Saturday, April 23, 2016

When am I?


Spending a lot of time sitting in my car these days in between shoots, idling passing time waiting for clients to be on-site and ready. The passing time is transparent to me, and it's vexing when I look at the calendar and see that somehow the entirety of 3 weeks has passed in a pocket of time I recognize as "yesterday".

Photography-as-work has defined my state of being since April rolled around. The month is nearly over and it feels as if it never happened at all. With my new photography contract, I made the erroneous decision to approach it with the same methodology as my long-standing real estate contract. It didn't take long for me to realize the mistake, these are very different clients governed by very different expectations. And while I managed to adapt my workflow appropriately, I failed to take into account the toll it would take on my private life, and as such the last 2 weeks have been 12 to 16 hour days of non-stop work. That is the crux of contract labor - with no awareness of each other nor the demands of everyday life, it is up to the contracted to establish the balance necessary amid the volume of work. I did poorly with this and am paying the price.

But, today I complete the machine gun beat of jobs and have the opportunity to establish the boundaries of my limitations once again.

Over drinks with friends Kevin and Rob last night, I was able to let out some stresses I've carried too long. I stood on a stoop in Baltimore and proclaimed with a passion I hadn't felt in a long time, "I have sucked the joy out of every thing I love". A cliche statement, but perfectly reflective of sentiments on my back, like pounds of sand, for years. The box I've cornered the practice of photography into, the finite rules and standards that work so well in commercial photography work and enable rapid completion to the end of doing more shorts in less time, has framed every exercise of photography in such a way that it is nearly repulsive to extend beyond those confines and experiment, the very function of photography-as-art. And yet the sterile work I do privately bound in that box does not satisfy me nor bring the joy of the kind of knee-jerk photography I still dare to carry as my namesake. Photography is now a formula to me, and expanding beyond such rigid thinking requires weeks of practiced effort to defy until the satisfaction of spontaneity is once again achieved.
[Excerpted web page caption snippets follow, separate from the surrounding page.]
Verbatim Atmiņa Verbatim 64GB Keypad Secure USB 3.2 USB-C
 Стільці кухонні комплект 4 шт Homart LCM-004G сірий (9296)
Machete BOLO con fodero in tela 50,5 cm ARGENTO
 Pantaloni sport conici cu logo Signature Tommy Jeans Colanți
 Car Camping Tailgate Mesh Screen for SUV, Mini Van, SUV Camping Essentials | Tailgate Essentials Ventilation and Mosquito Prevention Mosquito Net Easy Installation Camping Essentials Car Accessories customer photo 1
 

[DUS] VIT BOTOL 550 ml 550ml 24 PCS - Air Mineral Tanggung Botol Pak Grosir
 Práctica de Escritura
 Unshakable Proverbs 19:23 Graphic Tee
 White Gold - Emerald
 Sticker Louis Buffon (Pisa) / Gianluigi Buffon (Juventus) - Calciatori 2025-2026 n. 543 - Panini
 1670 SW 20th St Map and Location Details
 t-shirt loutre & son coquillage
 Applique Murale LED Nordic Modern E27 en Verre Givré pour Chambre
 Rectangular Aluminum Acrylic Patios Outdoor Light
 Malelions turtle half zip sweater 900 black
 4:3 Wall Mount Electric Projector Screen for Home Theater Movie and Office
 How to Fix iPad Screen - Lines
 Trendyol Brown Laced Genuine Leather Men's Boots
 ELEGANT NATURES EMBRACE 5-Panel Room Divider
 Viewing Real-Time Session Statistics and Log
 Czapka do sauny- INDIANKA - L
Verbalizing the problem has done more than any blog-based ranting to assuage the stress and disappointment in myself for allowing an artful craft to become such a soulless exercise. And it's wonderful to have people who understand the problem, able to sympathize and commiserate with me in the struggle, regardless of whether or not they are able to directly impart a fix or change. Sometimes you just need someone willing to listen, able to understand.

And barring the back pain from awkwardly situating myself in my car to type this out, I feel enormously better today than the block of time I can only call "yesterday". Time to run off to my next shoot, now.